▶ Assigned task
The entries contain pictures, which should not appear in the copy; everything else must be reproduced exactly.

▶ Supplied records
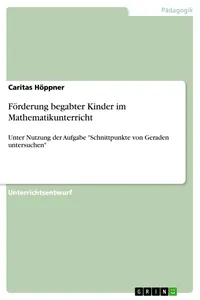 Förderung begabter Kinder im Mathematikunterricht_cover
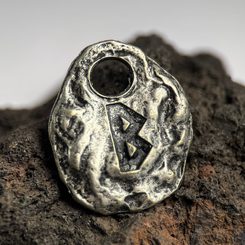NAUTHIZ, runic amulet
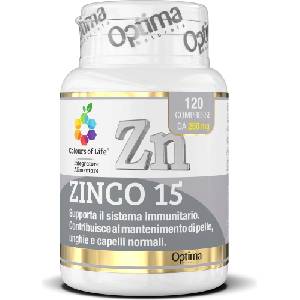 Optima Naturals Цинк 15 - 120 таблетки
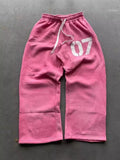 Alphabet Printed Trousers Loose Waistband Men's And Women's Fashion Brand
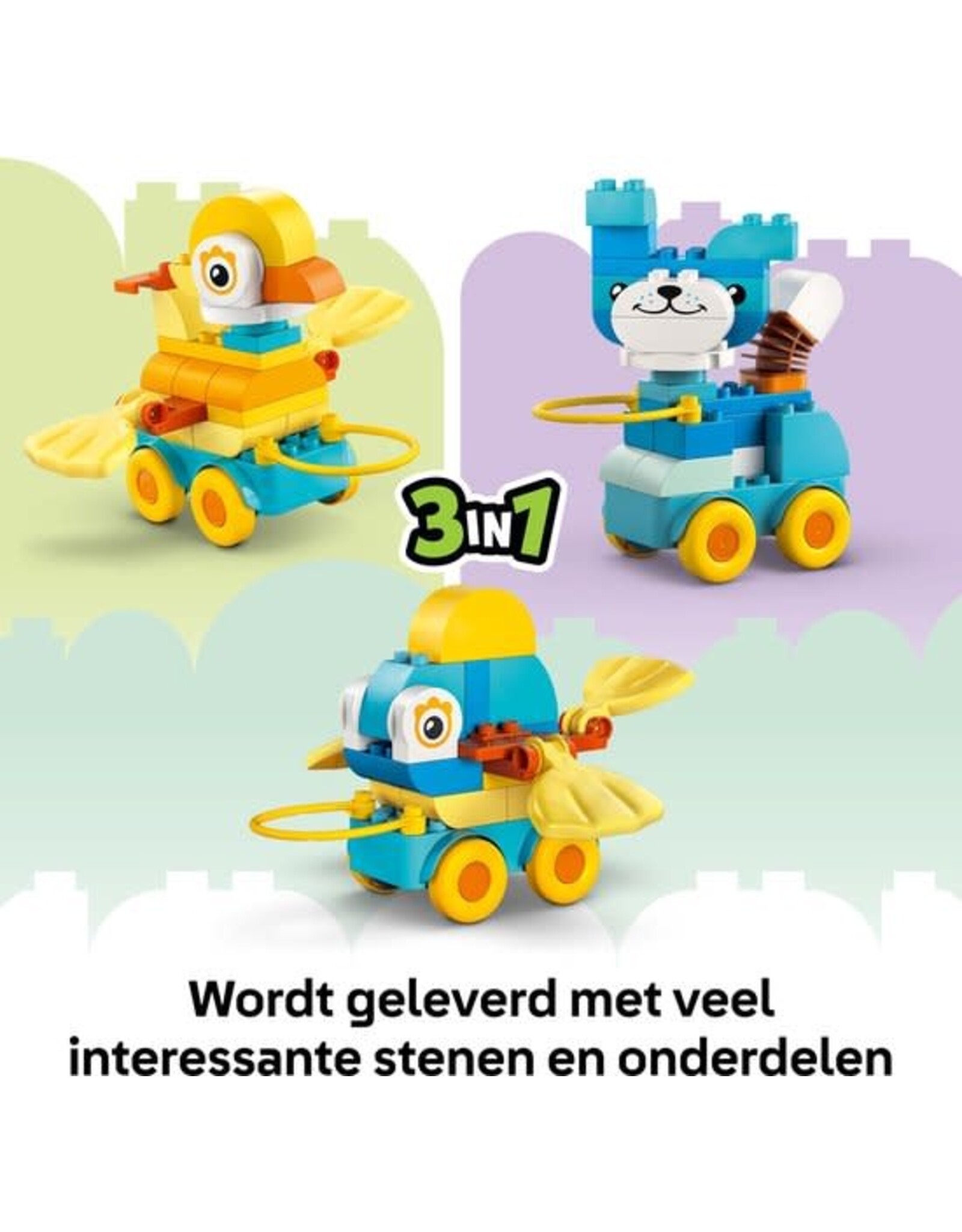 Lego duplo LEGO DUPLO 3-in-1 Dieren op Wielen Peuterspeelgoed - 10448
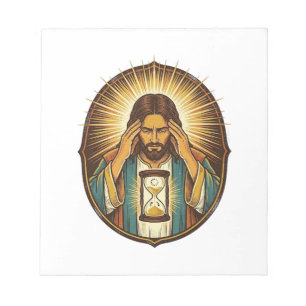 Impatient Jesus Loading Hourglass Slow Internet Te Notepad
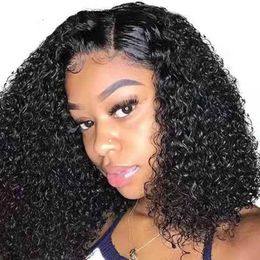 Synthetic Wigs Small Curly Hair Fit Black People Wear of 14 Inch Synthetic Fibre Everyday Use Wigs Synthetic Wig Natural 240329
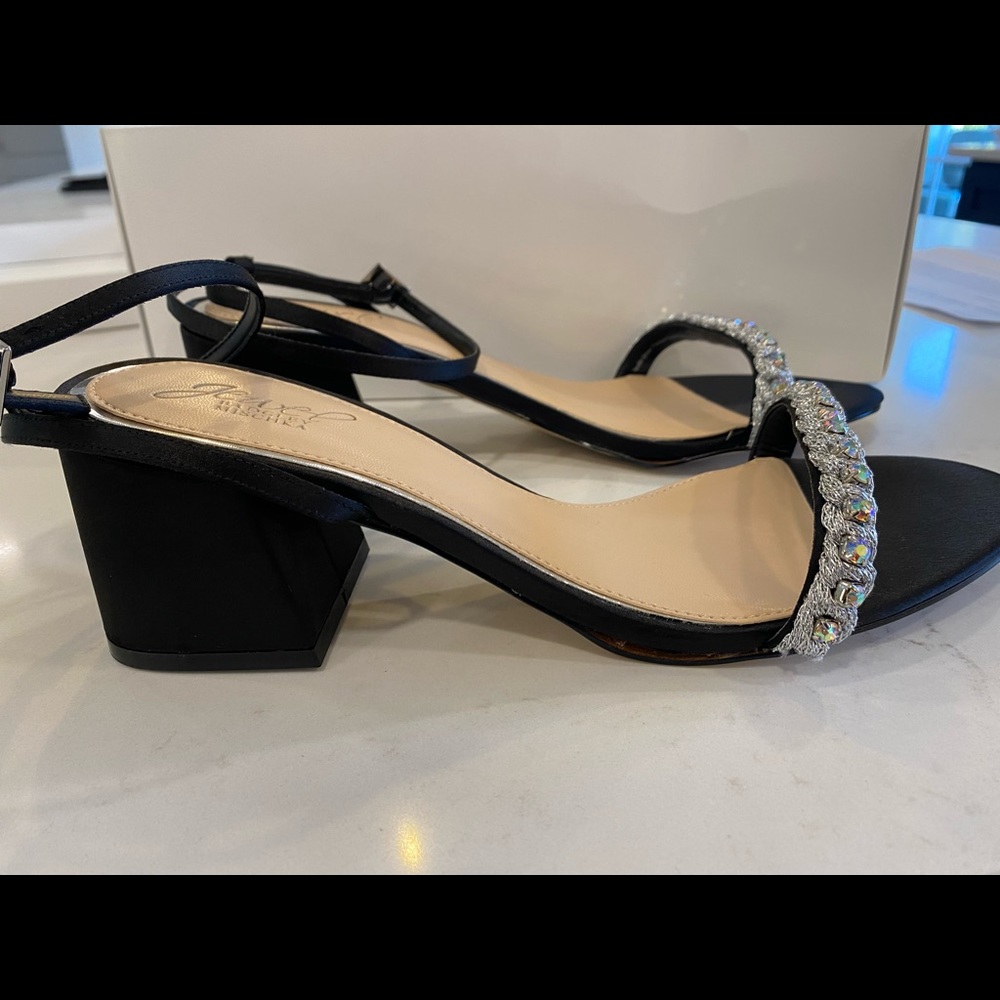 Badgley Mischka Jewel formal heeled sandal.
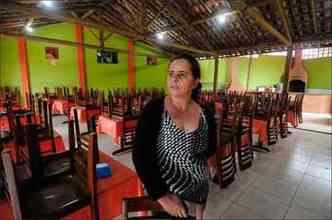 Antes lotado, restaurante de Maria Silva s funciona no fim de semana(foto: Beto Magalhes/EM/D.A Press - 2013 6/10/13)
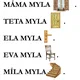 Čtení - ty. vy, my, ly 4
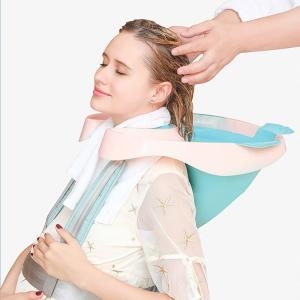 Foryou2152 접이식 세발기 요양 노인 임산부 샴푸대야 머리감는통 머리샴푸 간병용품_이미지
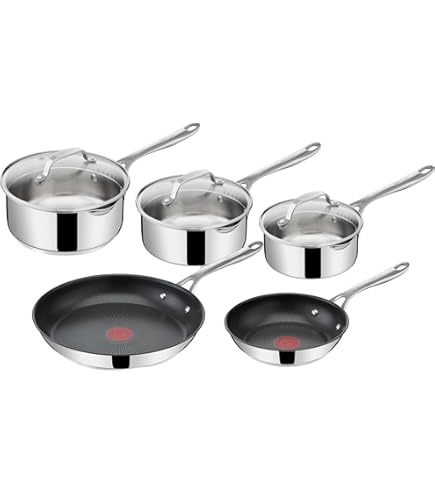 Koekenpannenset - Tefal - Keramisch - Zwart - Pannensets kopen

▶ Response area
 Förderung begabter Kinder im Mathematikunterricht_cover
NAUTHIZ, runic amulet
 Optima Naturals Цинк 15 - 120 таблетки
 Alphabet Printed Trousers Loose Waistband Men's And Women's Fashion Brand
 Lego duplo LEGO DUPLO 3-in-1 Dieren op Wielen Peuterspeelgoed - 10448
 Impatient Jesus Loading Hourglass Slow Internet Te Notepad
 Synthetic Wigs Small Curly Hair Fit Black People Wear of 14 Inch Synthetic Fibre Everyday Use Wigs Synthetic Wig Natural 240329
 Badgley Mischka Jewel formal heeled sandal.
 Antes lotado, restaurante de Maria Silva s funciona no fim de semana(foto: Beto Magalhes/EM/D.A Press - 2013 6/10/13)
 Čtení - ty. vy, my, ly 4
 Foryou2152 접이식 세발기 요양 노인 임산부 샴푸대야 머리감는통 머리샴푸 간병용품_이미지
 Koekenpannenset - Tefal - Keramisch - Zwart - Pannensets kopen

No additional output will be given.